TASK STATEMENT> The expected answer is the set of lines in the data below between the line holding "Duftkerze Bonbon-Glas im" and the line holding "7x5mm AAA Emerald-Cut", inclusive, written out exactly.

Stored records:
---*---

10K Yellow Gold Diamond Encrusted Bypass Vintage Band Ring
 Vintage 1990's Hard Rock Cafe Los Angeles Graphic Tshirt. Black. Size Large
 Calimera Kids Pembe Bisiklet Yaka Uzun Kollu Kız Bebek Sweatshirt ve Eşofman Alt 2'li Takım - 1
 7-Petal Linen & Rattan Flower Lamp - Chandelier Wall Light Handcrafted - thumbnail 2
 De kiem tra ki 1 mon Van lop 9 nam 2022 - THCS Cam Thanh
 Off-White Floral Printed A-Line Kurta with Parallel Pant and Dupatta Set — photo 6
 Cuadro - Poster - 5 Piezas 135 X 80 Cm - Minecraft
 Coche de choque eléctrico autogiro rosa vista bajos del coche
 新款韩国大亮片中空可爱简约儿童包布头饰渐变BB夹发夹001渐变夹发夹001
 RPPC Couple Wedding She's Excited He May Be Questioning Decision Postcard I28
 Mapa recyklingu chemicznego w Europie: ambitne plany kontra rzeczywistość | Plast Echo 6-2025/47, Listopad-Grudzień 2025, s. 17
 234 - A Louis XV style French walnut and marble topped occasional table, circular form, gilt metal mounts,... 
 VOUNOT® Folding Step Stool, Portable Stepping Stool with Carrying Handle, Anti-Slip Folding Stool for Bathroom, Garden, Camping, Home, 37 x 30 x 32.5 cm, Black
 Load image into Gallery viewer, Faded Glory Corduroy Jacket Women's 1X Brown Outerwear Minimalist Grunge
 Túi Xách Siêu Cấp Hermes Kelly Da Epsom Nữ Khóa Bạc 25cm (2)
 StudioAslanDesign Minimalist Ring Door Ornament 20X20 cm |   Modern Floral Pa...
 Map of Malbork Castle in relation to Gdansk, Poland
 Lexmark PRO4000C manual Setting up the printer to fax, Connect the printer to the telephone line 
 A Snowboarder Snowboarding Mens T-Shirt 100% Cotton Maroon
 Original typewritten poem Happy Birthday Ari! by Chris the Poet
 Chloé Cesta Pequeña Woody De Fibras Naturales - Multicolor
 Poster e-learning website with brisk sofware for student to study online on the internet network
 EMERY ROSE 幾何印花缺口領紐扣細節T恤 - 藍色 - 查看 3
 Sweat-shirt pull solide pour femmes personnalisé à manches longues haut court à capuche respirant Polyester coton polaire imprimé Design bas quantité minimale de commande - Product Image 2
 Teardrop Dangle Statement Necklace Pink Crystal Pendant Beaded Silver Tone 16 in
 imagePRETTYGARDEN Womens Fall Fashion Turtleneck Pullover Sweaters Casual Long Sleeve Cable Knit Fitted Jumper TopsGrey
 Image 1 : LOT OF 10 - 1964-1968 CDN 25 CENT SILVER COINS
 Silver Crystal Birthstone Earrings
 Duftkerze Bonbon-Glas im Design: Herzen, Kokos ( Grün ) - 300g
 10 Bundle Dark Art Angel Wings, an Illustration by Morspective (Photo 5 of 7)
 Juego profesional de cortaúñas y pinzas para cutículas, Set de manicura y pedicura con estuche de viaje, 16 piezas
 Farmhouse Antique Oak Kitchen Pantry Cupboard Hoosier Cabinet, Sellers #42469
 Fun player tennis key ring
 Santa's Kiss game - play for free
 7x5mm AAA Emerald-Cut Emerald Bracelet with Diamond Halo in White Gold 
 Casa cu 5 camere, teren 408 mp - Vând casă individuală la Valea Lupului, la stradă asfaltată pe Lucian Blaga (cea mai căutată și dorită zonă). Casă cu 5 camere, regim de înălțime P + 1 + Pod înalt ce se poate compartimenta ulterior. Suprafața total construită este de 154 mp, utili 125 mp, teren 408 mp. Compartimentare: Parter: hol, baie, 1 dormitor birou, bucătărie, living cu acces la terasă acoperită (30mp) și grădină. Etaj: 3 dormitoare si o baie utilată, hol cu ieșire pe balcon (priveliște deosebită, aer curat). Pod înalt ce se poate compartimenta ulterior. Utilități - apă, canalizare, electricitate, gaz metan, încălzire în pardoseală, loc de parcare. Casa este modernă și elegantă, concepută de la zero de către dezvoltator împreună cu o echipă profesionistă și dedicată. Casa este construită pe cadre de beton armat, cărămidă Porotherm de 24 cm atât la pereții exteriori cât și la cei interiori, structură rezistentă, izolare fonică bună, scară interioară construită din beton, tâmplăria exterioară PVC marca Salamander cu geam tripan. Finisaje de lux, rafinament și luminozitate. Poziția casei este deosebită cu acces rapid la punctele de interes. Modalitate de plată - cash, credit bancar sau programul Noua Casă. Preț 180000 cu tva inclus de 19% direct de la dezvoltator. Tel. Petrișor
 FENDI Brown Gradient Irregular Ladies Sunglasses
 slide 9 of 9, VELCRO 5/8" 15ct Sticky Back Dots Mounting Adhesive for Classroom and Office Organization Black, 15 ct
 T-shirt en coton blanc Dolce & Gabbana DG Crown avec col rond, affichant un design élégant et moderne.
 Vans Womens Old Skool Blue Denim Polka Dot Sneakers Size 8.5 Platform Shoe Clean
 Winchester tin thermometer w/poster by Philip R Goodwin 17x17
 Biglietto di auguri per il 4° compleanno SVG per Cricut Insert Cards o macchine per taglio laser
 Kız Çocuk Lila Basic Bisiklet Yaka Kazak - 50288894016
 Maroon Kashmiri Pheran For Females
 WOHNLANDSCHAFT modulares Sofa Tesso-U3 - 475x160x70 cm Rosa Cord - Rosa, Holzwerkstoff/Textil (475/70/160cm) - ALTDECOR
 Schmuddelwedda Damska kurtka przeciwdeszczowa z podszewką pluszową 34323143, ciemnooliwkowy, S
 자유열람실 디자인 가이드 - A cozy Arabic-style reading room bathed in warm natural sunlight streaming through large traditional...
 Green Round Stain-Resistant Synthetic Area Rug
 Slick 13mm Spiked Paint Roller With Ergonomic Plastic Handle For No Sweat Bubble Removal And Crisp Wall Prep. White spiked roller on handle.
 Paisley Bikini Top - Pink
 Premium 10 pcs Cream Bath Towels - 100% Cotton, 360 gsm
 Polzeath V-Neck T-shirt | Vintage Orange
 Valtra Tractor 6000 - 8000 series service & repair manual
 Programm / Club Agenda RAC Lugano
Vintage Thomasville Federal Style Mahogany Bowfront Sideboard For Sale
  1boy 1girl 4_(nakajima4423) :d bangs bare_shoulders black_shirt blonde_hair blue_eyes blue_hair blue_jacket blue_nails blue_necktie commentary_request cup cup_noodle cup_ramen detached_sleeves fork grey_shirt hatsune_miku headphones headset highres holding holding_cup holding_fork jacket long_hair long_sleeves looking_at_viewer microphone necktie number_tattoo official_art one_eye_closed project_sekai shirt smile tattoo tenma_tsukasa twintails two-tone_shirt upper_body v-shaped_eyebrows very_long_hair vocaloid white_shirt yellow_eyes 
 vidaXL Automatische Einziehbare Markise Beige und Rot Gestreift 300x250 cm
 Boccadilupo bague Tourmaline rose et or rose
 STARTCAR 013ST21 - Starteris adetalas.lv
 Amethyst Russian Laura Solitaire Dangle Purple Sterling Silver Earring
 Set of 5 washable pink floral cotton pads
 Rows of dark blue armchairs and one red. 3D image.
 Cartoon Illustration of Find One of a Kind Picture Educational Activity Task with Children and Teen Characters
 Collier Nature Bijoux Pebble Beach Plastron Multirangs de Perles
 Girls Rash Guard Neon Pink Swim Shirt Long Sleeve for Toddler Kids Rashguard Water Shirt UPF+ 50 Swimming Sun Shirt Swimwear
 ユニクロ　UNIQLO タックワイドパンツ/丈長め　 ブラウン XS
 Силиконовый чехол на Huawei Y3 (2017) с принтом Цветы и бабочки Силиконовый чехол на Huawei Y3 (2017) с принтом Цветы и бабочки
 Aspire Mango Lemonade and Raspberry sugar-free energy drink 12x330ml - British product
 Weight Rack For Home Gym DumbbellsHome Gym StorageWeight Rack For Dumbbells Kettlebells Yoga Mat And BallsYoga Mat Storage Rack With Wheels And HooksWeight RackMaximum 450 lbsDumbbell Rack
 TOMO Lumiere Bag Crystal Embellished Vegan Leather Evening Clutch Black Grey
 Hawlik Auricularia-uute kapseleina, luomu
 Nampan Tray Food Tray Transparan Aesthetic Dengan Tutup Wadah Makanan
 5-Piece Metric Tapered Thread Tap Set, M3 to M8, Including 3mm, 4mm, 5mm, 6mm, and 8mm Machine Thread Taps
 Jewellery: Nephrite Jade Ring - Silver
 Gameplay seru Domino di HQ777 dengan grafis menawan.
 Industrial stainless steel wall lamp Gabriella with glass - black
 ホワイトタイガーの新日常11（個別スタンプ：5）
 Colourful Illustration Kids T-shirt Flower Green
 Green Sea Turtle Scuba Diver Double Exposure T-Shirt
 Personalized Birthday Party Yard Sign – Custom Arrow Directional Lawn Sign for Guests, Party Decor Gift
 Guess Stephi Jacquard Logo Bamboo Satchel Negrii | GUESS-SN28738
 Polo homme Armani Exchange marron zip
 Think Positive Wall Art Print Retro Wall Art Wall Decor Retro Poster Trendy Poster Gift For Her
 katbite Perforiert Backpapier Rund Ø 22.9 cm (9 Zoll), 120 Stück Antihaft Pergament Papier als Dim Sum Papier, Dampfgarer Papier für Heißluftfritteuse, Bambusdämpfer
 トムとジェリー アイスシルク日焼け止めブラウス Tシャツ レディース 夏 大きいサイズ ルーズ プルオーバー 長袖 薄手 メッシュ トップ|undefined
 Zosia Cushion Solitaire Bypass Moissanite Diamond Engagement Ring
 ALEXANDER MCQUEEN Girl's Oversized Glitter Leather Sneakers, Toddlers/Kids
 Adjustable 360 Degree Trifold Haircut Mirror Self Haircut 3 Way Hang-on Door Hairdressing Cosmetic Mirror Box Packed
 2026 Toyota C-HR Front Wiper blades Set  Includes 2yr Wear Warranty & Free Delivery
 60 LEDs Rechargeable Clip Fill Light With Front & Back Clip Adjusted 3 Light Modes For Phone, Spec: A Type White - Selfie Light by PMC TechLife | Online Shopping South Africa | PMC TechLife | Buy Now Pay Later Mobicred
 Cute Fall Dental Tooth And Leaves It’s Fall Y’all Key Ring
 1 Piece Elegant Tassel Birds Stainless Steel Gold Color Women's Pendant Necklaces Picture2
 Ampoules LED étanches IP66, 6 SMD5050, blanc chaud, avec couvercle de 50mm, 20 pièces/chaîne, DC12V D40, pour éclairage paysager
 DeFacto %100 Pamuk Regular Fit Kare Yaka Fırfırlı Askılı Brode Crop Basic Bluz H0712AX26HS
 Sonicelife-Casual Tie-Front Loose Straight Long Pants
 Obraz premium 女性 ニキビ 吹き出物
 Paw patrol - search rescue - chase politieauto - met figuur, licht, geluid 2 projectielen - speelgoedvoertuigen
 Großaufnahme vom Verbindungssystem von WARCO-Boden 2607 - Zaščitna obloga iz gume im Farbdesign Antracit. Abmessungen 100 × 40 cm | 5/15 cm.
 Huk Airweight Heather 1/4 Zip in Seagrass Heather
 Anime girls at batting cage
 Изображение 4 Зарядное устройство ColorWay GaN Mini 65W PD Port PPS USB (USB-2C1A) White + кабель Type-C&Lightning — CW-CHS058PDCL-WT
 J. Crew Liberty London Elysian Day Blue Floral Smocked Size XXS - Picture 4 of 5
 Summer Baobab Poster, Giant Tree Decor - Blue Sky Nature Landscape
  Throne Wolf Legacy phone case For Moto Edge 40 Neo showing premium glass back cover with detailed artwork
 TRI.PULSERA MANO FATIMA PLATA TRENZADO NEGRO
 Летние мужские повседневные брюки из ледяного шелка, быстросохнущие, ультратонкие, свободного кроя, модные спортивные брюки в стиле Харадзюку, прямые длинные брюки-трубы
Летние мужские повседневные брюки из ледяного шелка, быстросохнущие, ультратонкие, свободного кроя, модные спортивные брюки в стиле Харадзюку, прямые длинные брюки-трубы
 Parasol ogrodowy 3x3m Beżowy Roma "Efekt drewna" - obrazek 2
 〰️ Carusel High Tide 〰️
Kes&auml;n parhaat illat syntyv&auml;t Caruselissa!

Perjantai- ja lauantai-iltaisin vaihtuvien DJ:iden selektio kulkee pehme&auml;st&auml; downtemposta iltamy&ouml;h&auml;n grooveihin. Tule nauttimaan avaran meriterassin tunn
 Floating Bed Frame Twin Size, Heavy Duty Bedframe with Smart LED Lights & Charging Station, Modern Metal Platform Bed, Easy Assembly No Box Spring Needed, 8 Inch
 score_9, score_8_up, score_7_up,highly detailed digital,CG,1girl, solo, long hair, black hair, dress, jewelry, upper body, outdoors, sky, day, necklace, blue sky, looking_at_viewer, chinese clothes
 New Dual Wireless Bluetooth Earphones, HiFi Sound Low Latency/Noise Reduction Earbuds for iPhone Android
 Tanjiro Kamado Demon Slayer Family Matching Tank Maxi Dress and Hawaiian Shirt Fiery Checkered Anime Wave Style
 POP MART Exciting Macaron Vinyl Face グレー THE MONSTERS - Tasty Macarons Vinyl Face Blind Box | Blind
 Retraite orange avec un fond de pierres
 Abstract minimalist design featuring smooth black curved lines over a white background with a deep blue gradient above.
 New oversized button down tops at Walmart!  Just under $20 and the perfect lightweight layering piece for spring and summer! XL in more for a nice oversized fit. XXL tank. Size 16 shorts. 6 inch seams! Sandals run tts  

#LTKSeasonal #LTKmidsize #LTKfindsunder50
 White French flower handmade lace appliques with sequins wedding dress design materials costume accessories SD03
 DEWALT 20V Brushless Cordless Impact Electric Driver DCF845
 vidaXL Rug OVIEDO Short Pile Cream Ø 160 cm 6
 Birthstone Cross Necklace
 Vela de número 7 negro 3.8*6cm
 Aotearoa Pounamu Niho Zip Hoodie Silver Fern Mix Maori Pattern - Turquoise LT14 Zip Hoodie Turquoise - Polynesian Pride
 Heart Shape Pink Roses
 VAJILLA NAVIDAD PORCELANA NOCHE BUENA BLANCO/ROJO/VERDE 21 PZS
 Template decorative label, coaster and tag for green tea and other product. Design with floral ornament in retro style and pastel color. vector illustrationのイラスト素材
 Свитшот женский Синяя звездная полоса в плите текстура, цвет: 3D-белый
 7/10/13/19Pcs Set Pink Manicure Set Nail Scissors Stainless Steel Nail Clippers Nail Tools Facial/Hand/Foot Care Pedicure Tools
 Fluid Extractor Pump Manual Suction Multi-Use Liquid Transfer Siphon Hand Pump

---*---

EXPECTED ANSWER>
 Duftkerze Bonbon-Glas im Design: Herzen, Kokos ( Grün ) - 300g
 10 Bundle Dark Art Angel Wings, an Illustration by Morspective (Photo 5 of 7)
 Juego profesional de cortaúñas y pinzas para cutículas, Set de manicura y pedicura con estuche de viaje, 16 piezas
 Farmhouse Antique Oak Kitchen Pantry Cupboard Hoosier Cabinet, Sellers #42469
 Fun player tennis key ring
 Santa's Kiss game - play for free
 7x5mm AAA Emerald-Cut Emerald Bracelet with Diamond Halo in White Gold 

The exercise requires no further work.